Ministro das Finanças diz que Plano Estratégico de Desenvolvimento Sustentável é o “sonho” rumo ao crescimento em 7%

O Ministro das Finanças entregou hoje ao presidente da Assembleia Nacional, a proposta do Plano Estratégico de Desenvolvimento Sustentável 2017/2021 (PEDS), que considerou ser um “sonho” do país em vista a impulsionar o crescimento de 7 (%).

Olavo Correia fez essas considerações em declarações à imprensa à saída do encontro, após ter entregue oficialmente o documento nas mãos do presidente da Assembleia Nacional, tendo na ocasião considerado que o almejado crescimento 7% depende da postura dos cabo-verdianos perante o PEDS 2017/2021.

“É só uma questão de postura, pois, se esperamos que venha acontecer, isso não acontecerá. Temos de trabalhar para fazer o acontecer. São pessoas, as empresas e as instituições que fazem o crescimento da economia cabo-verdiana”, disse, sublinhando, por outro lado, que a ambição do Governo de Cabo Verde é “muito alta”.

Olavo Correia, disse ainda “preferir ser mediano” dos melhores do que o melhor dos piores, pois, sustentou, quando a meta é elevadíssima e ambiciosa “os nossos fracassos é o melhor sucesso de todos os outros”.

Conforme o ministro das Finanças, se todos trabalharem para uma estratégia e meta, Cabo Verde terá todas as condições para crescer no turismo, nos transportes marítimos, no sector financeiro, na tecnologia, no comércio e na indústria.

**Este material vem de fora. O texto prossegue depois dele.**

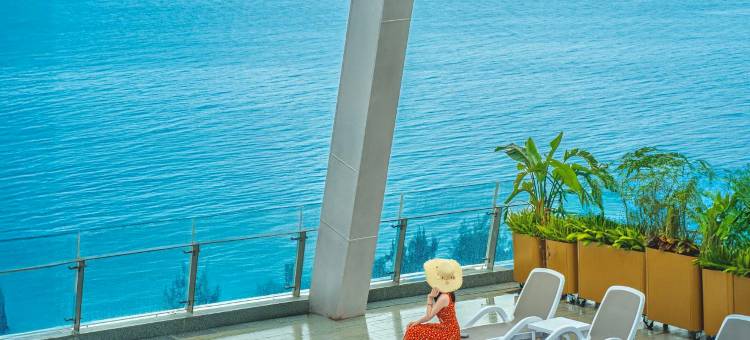 海南三正月酒店图片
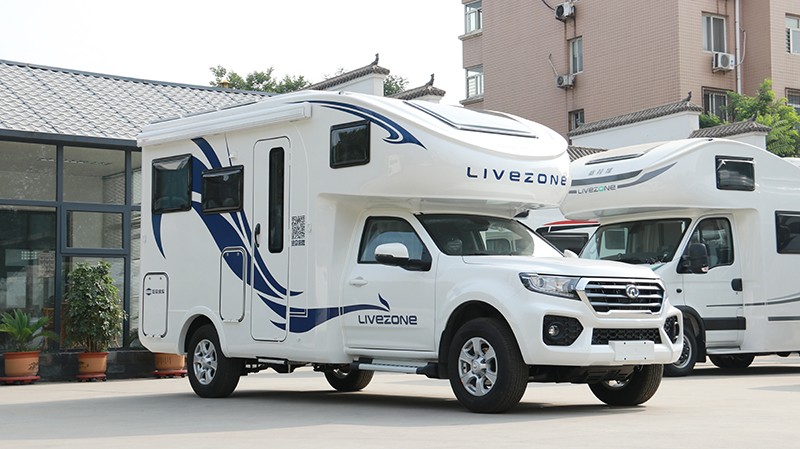 帶老人和孩子出行最合適，還是四驅(qū)房車(chē)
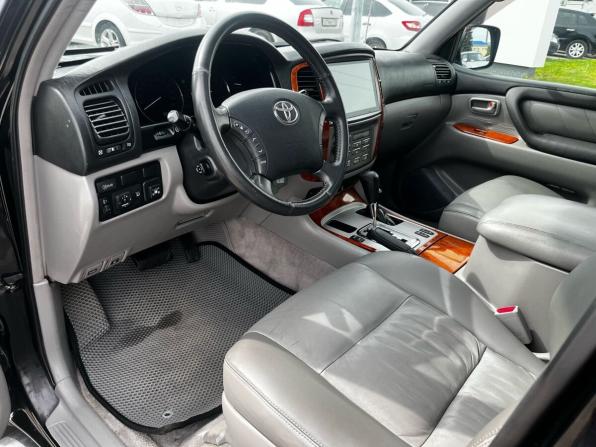Toyota Land Cruiser 100 Series Рестайлинг 2 с пробегом 2006 года, цена 1 800 000 рублей, 510000 км, внедорожник, Автокод Объявления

Sustentou ainda, que o Governo tem a função de liderar, enquanto as pessoas, as empresas e as instituições fazem o desenvolvimento do país.

“Um país desenvolvido não acontece por magia, para isso, temos de agir e criar plataformas nos mais diversos domínios e sustentável do ponto de vista económico, social, ambiental, inclusivo, mas também democrático”, salientou.

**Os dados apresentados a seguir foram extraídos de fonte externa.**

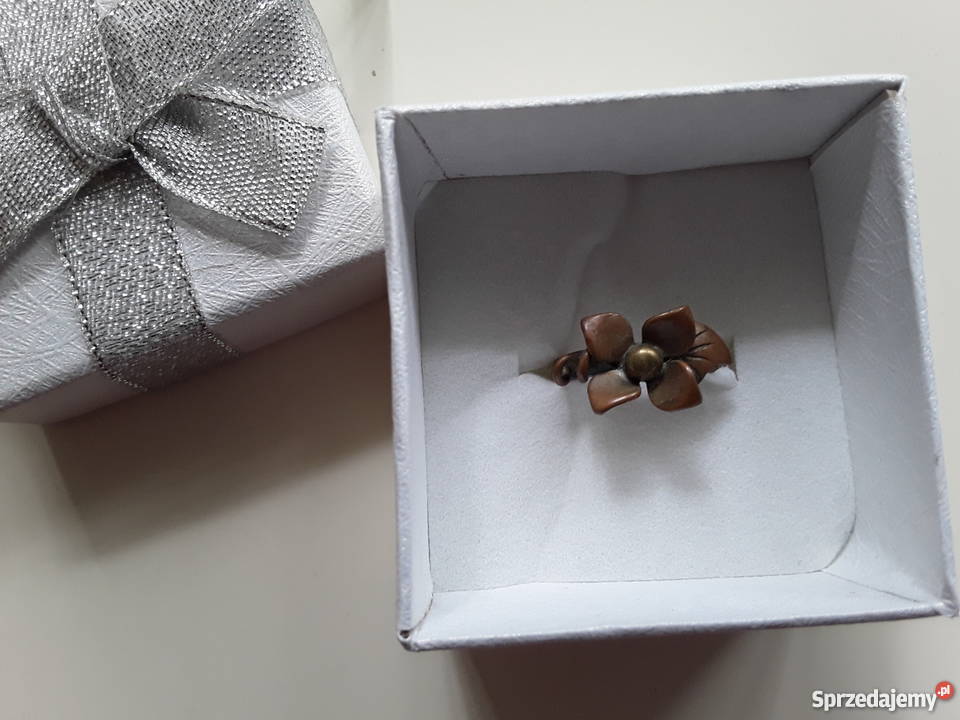 Pierścionek z brązu z motywem kwiatowym 149 mm Warszawa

Neste particular, Olavo Correia, lembrou que um país plataforma, é um Estado que aposta sobretudo, no sector privado, visando a plataforma no sector do turismo, industrial e comercial, tecnologia de inovação, sector financeiro, transportes aéreos e marítimos e, particularmente, num clima de negócios propício a atração de investimos privados nacionais e estrangeiros.

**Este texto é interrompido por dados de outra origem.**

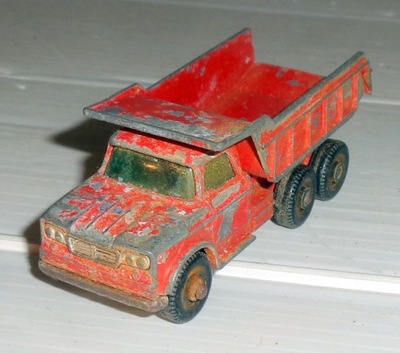 DUMPER Truck - model ciężarówki.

Para isso, segundo o governante, o arquipélago terá de criar um sistema de educação de excelência, uma governação eficiente seja no plano central ou municipal, assim como empresas bem geridas que criam valores, importam e conseguem realizar a visão do país rumo ao desenvolvimento.

Questionado, se caso o Governo não conseguir os 400 mil contos necessários para a implementação do plano, não criava dificuldades, Olavo Correia, disse que a missão do Estado é criar o ambiente de negócios e mobilizar recursos para que os privados possam liderar na criação de plataformas.

Ao receber o Plano Estratégico de Desenvolvimento Sustentável 2017-2021 (PEDS), o presidente da Assembleia Nacional manifestou a sua satisfação por ter em mãos um documento “importante” para o desenvolvimento do país.

“Queremos conversar com os sujeitos parlamentares e agenda-lo para a sessão parlamentar. É uma reflexão necessária para, não só sonharmos o futuro, mas também, o presente e projectar a felicidade dos cabo-verdianos”, enfatizou.

O Plano Estratégico de Desenvolvimento Sustentável (PEDS) é um aglomerado de programas sectoriais e de políticas macroeconómicas, estruturais e sociais do país para os próximos cinco anos, que tem como objectivo central, promover o desenvolvimento sustentável de Cabo Verde.

As metas traçadas e que estão ancoradas no Programa do Governo, vão desde o crescimento económico de 7%; a redução da taxa de desemprego de 15 para 9%; o aumento do PIB per capita em paridade de poder de compra de 6744 dólares para 8864 dólares em 2021; o aumento do Índice de Desenvolvimento Humano (IDH); a redução o coeficiente de gini com vista à diminuição das desigualdades nas nossas ilhas e redução da pobreza de 35 para 28,2%, entre outros.